Los agentes económicos compiten en un mundo cada vez más globalizado, pero cuyo ordenamiento político refleja todavía los preceptos de la Paz de Westfalia de 1648. Por un lado, las empresas deben competir de forma directa con contrapartes desperdigadas por el mundo en los mercados de exportación de bienes y servicios.

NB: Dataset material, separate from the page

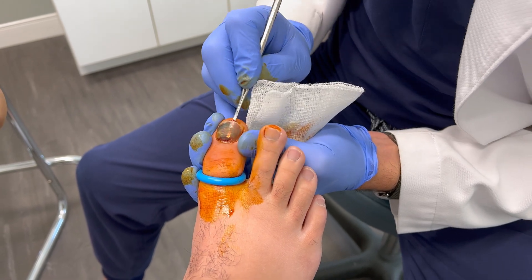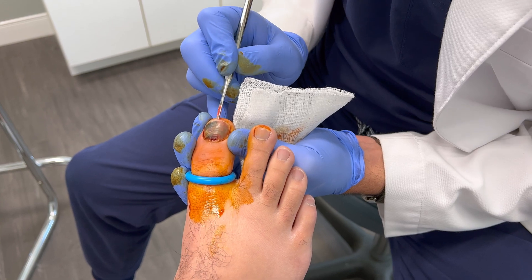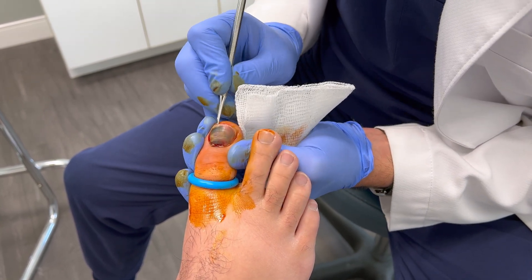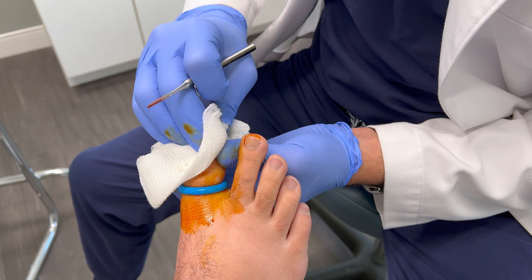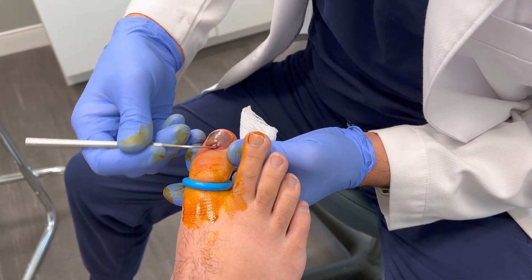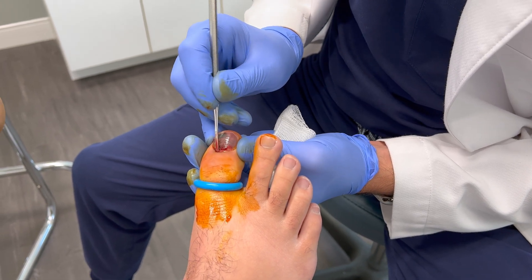This instrument is an elevator. It's being used to free up the underside of the toenail where it attaches to the nail bed, or the skin underneath the toenail. This procedure is performed utilizing local anesthetic, so the toe is numbed up before the procedure is commenced. This procedure should be completely pain-free.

Por otro lado, los Estados apoyan a sus empresas a través de regímenes regulatorios y fiscales diferenciales, instrumentos mediante los cuales procuran fomentar el aumento de la producción nacional y una mejora en las condiciones de trabajo para sus ciudadanos.
Es dentro de este contexto que los países compiten por atraer inversiones del extranjero, utilizando los incentivos fiscales, entre otros instrumentos disponibles en la caja de herramientas de la que disponen los Estados. Es allí donde entra la profesión económica, que debe contribuir a evaluar la rentabilidad social de los sacrificios fiscales otorgados. De lo contrario, se termina cayendo en el argumento simplista de que si no se otorgan los beneficios, nadie invertiría en el país. Ese argumento provocaría una competencia por exenciones fiscales que en el límite conduciría a caídas en la recaudación que no permitirían a los Estados sostenerse adecuadamente. Ese es el peligroso camino de la feudalización que recorren peligrosamente aquellos Estados que terminan categorizados como fallidos. Mucho antes de llegar a ese extremo, los Estados se ven forzados a discriminar a quien otorgan y a quien no otorgan estos incentivos fiscales, generando el incentivo para una competencia por rentas que se encuentra en la base de la corrupción del sistema (ver Anne Krueger en La economía política de la sociedad buscadora de rentas, American Economic Review, 1974).
La esencia del problema radica en que mientras el capital es móvil internacionalmente, el trabajo no lo es. En consecuencia, la competencia por atraer inversiones ha llevado a que la carga fiscal recaiga cada vez más sobre el trabajo, generando incentivos para la incorporación de tecnologías que eliminan puestos de trabajo, agravando los problemas de desempleo y pensiones que aquejan al mundo. Este es el trasfondo del acuerdo de los países integrantes del G-7 promoviendo un mínimo global en las tasas de impuesto a la renta empresarial. Pero las consecuencias de seguir en el rumbo actual no quedan limitadas a la economía. “Los trabajadores de salarios bajos no son las únicas víctimas de este cambio. A medida que se han ido reduciendo los puestos de trabajo de alta calidad, el crecimiento de los salarios de todos los trabajadores ha empezado a disminuir y el crecimiento cada vez más desigual ha empezado a erosionar la cohesión social y los principios e instituciones democráticos”, expresa Daron Acemoglu, profesor de Economía de MIT y autor de Por qué fracasan los países.
La historia económica mundial evidencia que los incentivos fiscales evolucionan permanentemente y que los Estados los van adaptando a medida que sus industrias maduran, se producen cambios tecnológicos, y resulta necesario enfocar los escasos recursos fiscales en actividades con potencial de desarrollo económico y social. Por tal motivo no se pueden interpretar cambios en los regímenes de exenciones como alteraciones a las “reglas de juego”. Muy por el contrario, un sistema de incentivos estático termina convertido en un mecanismo de captura de rentas por parte de sectores conectados políticamente, en detrimento de aquellos más dinámicos –y menos conectados– que contribuyen a la productividad a largo plazo de la economía. Como bien explicaba Schumpeter, los innovadores del pasado se convierten a menudo en un lastre para la economía del futuro.